### TASK INSTRUCTIONS
Nothing may be left out of the listing below but its images; repeat the rest exactly.

### SUPPLIED DATA

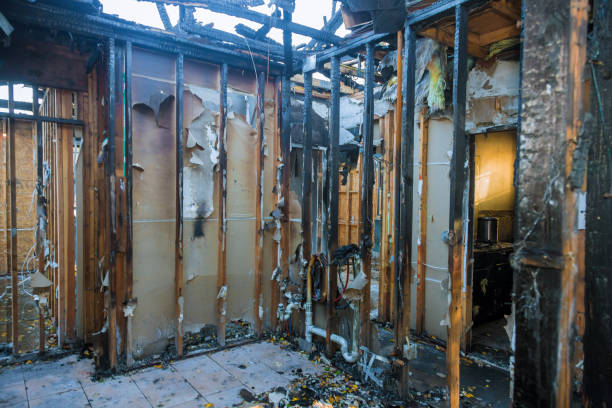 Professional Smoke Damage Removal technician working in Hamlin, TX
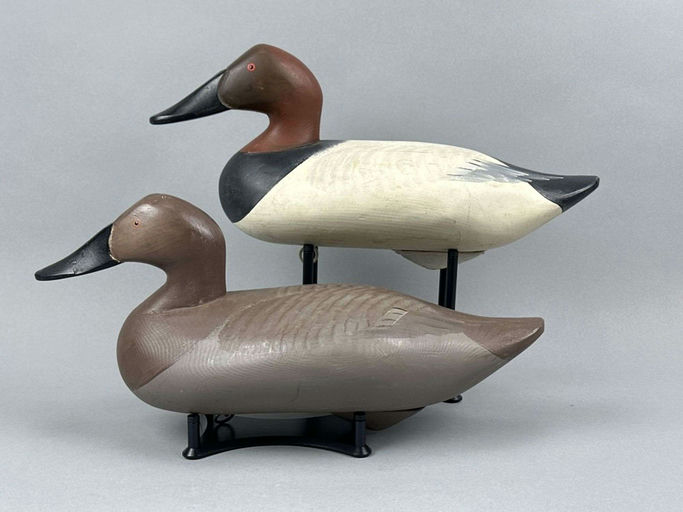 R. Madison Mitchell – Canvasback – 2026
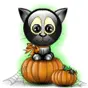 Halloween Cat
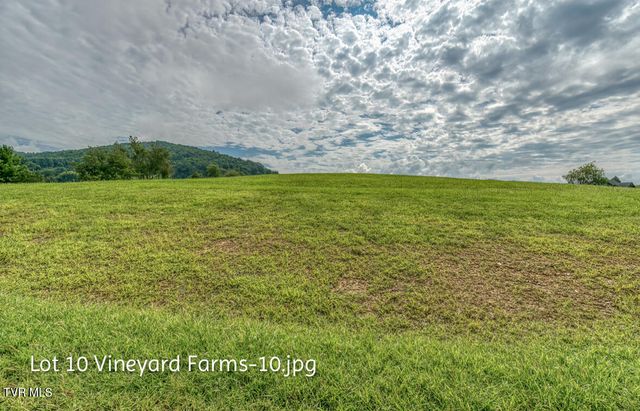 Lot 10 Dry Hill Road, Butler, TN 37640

### EXPECTED ANSWER
 Professional Smoke Damage Removal technician working in Hamlin, TX
 R. Madison Mitchell – Canvasback – 2026
 Halloween Cat
 Lot 10 Dry Hill Road, Butler, TN 37640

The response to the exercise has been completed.